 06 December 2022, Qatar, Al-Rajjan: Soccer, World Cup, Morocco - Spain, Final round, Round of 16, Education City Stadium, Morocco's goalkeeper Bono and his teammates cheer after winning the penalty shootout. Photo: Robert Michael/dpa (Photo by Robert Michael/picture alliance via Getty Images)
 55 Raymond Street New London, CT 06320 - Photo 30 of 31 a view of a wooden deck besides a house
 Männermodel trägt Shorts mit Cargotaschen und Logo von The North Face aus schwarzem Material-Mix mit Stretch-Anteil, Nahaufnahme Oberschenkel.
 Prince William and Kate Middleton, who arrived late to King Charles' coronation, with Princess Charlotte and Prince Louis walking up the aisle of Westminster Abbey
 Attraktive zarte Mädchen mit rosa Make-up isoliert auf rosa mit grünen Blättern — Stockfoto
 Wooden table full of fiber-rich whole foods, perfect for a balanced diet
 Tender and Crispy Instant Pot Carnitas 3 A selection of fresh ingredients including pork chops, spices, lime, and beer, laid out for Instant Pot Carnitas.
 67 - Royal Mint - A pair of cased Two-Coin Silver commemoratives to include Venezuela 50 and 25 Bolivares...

• _Instructions for the task_
The requested lines run from the one with "Tender and Crispy" through the last line of the records. Return them exactly.

• _Output for this task_
 Tender and Crispy Instant Pot Carnitas 3 A selection of fresh ingredients including pork chops, spices, lime, and beer, laid out for Instant Pot Carnitas.
 67 - Royal Mint - A pair of cased Two-Coin Silver commemoratives to include Venezuela 50 and 25 Bolivares...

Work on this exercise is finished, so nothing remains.